Mohamed Hdidane

No. 9 – Al Riyadi Club Beirut
- Position: Small forward / power forward
- League: Lebanese Basketball League

Personal information
- Born: 27 April 1986 (age 39) Nabeul, Tunisia
- Nationality: Tunisian
- Listed height: 6 ft 9 in (2.06 m)
- Listed weight: 243 lb (110 kg)

Career information
- Playing career: 2003–present

Career history
- 2003–2012: Stade Nabeulien
- 2011: →Étoile Sportive du Sahel
- 2012–2013: Wydad Casablanca
- 2013–2015: Club Africain
- 2015–2016: Wydad Casablanca
- 2016–2019: ES Radès
- 2019–2020: US Monastir
- 2020–2021: Club Africain
- 2021–2022: Ezzahra Sports
- 2022: Al Wahda
- 2022–present: Al Riyadi Club Beirut

= Mohamed Hdidane =

Tunisian basketball player

Mohamed Hdidane (born 27 April 1986) is a Tunisian basketball player for Al Riyadi Club Beirut of the Lebanese Basketball League.

==Professional career==
Hdidane has played pro club basketball with Stade Nabeulien in the Tunisian Basketball League.

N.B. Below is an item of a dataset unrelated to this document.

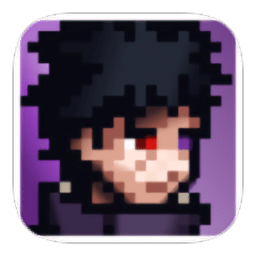 丝瓜晶体一周年版本下载安装-丝瓜晶体一周年最新版下载 v1.00.10 安卓版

Hdidane has played for the team since he was signed as a teenager.

==Tunisian national team==
Hdidane was a member of the senior men's Tunisian national basketball team that finished third at the 2009 FIBA Africa Championship, to qualify for the country's first FIBA World Championship. Hdidane averaged 8.8 points and 3.9 rebounds per game for the Tunisians during the tournament. He played for Tunisia at the 2012 Summer Olympics. He has also competed for the Tunisians in the 2007 FIBA Africa Championship and the 2004 FIBA Africa Under-20 Championship.

On 11 September 2023 he returned to Club Africain for the second time.